The first objection people have when learning about the idea of prediction error minimization is that is must obviously be false. Minimizing prediction error is minimizing surprise, and the best way to minimize surprise, when it comes to sensory input, is to not have any sensory input. If we minimize prediction error we should therefore all seek out dark rooms and stay there. But we obviously don’t, so PEM is false.
This objection rests on a misunderstanding about what the theory says. It is crucial to see that it concerns prediction error minimization on average and in the long run. The brain is doing lots of things to maintain its ability to minimize prediction error reasonably well at the current time and over time. This means that just seeking out the dark room and staying there is not going to work since after a while in the dark room prediction error is going to increase. Hunger, thirst, loneliness are all states we don’t expect in the long run, so they are surprising. Similarly, concerned family members, council workers and landlords are going to come knocking, creating prediction error that staying in the room cannot deal with. (See here for great paper on the dark room).
What the dark room problem tells us is that prediction error minimization always happens given a model, a set of expectations. We will find an organism chronically in the dark room only if this is the kind of creature that on average is expected to be found in a dark room.
There is much more to say about the idea that prediction error minimization always is given a model (see my book and Andy Clark’s terrific BBS paper for introductions). In many ways, here it would make sense to change to talking about the free energy principle and its relation to self-organized systems.
In this post however I will use the idea that prediction error minimization happens over time to motivate the range of activities the brain engages in to safeguard its ability to minimize error.

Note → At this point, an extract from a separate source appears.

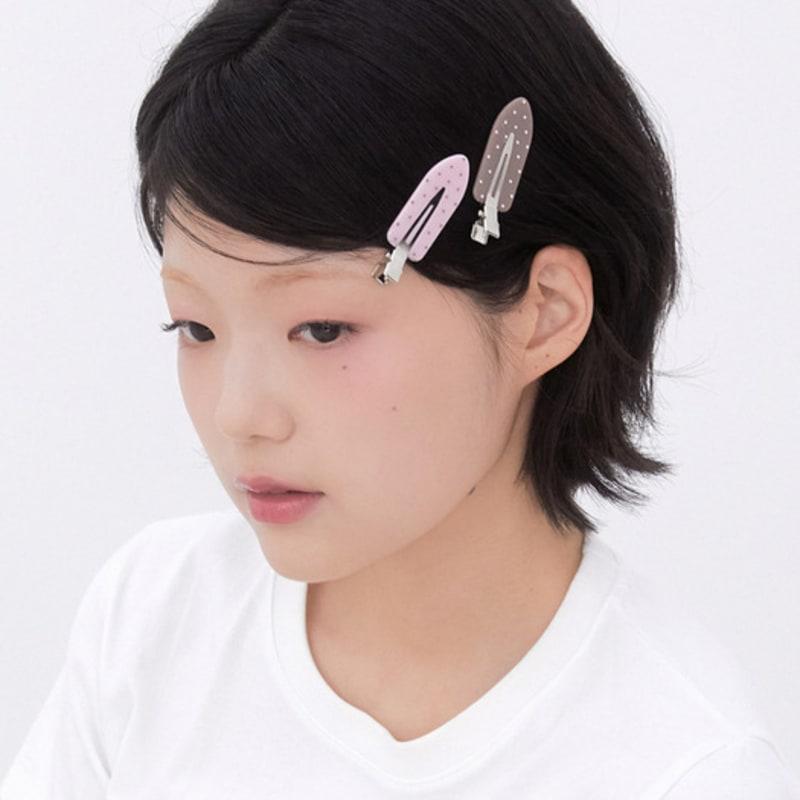 Inner museum Dot Cookie Hair Clip Set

Assume the brain harbours models of the environmental causes of its sensory input. On the basis of these models, it generates predictions about what the next sensory input will be. These predictions occur concurrently on several time scales, ordered hierarchically up through the cortex. In this way the sensory input is predicted under expectations of what might happen very soon and also under expectations about how what may happen very soon is influenced by what happens at slower time scales (I might expect sensory input as of a leaf dropping to the ground, and that expectation is modulated by my expectations about the windy conditions, and by my expectations about the lighting at this time of day).
Perception happens, then, as the model generates expectations that anticipate the actual sensory input. The parameters of the model predictions will be updated in the light of any prediction error in approximate Bayesian inference: prediction error is weighted by how much we already know (the prior precision), by how much we are learning from the input (the likelihood precision). What we perceive is then determined by the currently best performing predictions.

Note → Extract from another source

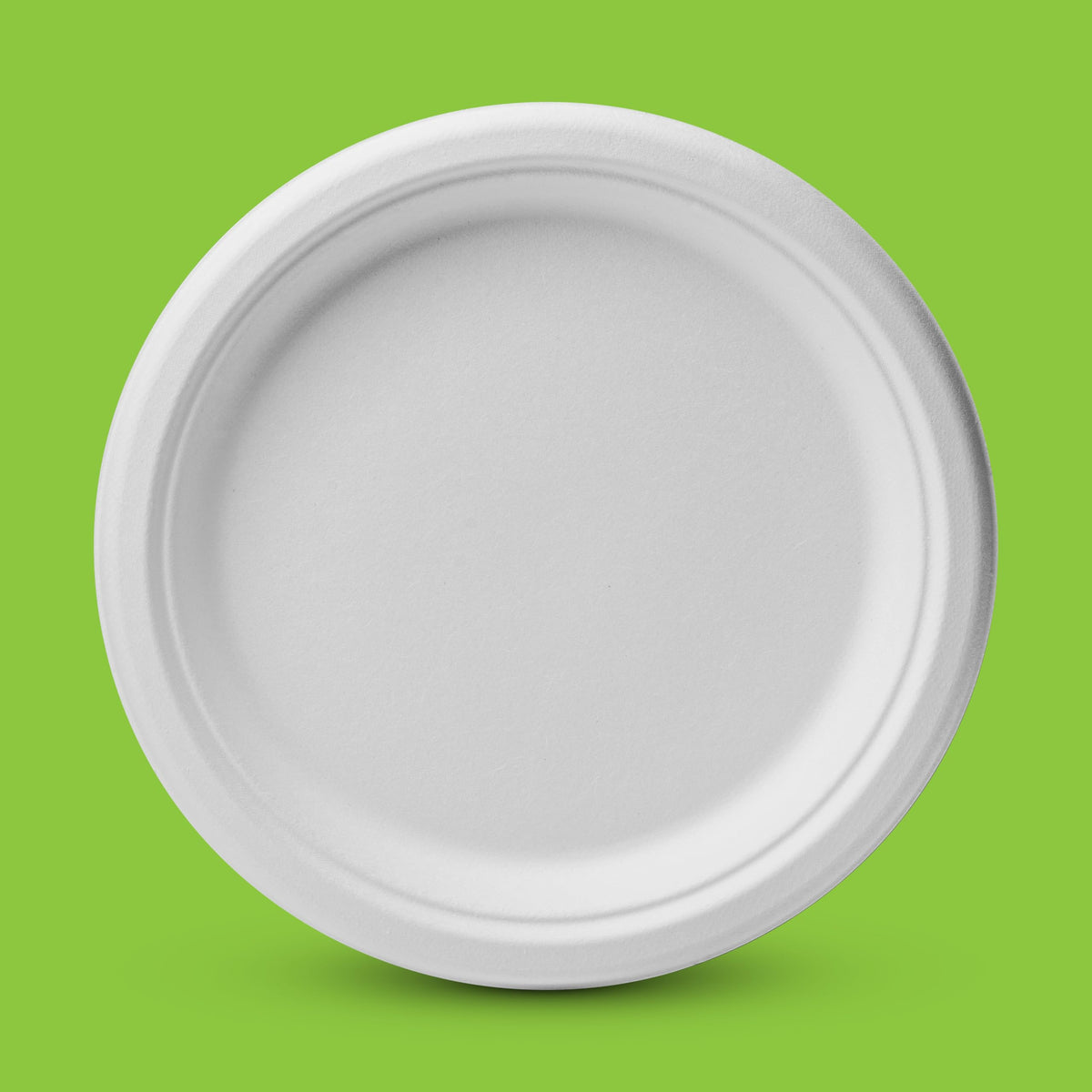 Munfix 100% Compostable Paper Plates 100 Pack, 6 Inch Heavy Duty Biodegradable Microwavable Disposable White Dessert Plates, Made of Eco-Friendly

It is clear that if predictions are not informed by longer-term expectations, then it will be hard to predict sensory input very well (the trajectory of the leaf will be hard to anticipate, and the precision of the sensory input at dusk may be confounding). This follows from the simple observation that we live in a world where causes interact (cf. the famous cat behind the fence). This kind of ‘convolving’ of expectations based on causal regularities at different time scales ensures that perceptual inference, via prediction error minimization, can capture the full, integrated richness of perception. This is made possible by incorporating a long term perspective on prediction error minimization. Here we immediately get a learning (and memory) perspective because building up a hierarchical model then requires extracting causal regularities over various time scales and using them to predict better.
The idea so far is that there is a rich, top-down cascade of interwoven predictions, which seeks to dampen down the sensory input. This can be conceived as driving top-down messages. But we also need a specific type of modulating top-down messages. This is because levels of uncertainty change in the world and thereby the trustworthiness or precision of the bottom-up prediction error changes in a context or state-dependent manner. (To take a long-term example, even if I have learnt to expect certain kinds of rainfalls in certain seasons I might have to adjust this in the light of a shift from La niña to El niño, such that a bit of rain can’t be trusted as a sign of a good season). This is important because if model parameters are to be updated optimally in the light of prediction error then there needs to be an estimation of the precision of that prediction error (it is no good to change the hypothesis in the light of an imprecise measurement). This calls for building up expectations of the precisions of prediction errors, that is, expectations for in which contexts prediction errors tend to be trustworthy. This is just more prediction error minimization, but of a higher statistical order (for example, we can be surprised at the precision of prediction error). Rather interestingly, this gives us attention. This is because attention is allocation of resources to worthwhile signals, and expectations of precisions can guide prediction error efforts to worthwhile or precise signals. There is of course much more to say about this idea but it is enormously appealing because it brings attention in at the ground level and as separate from from, yet intricately related to, perception.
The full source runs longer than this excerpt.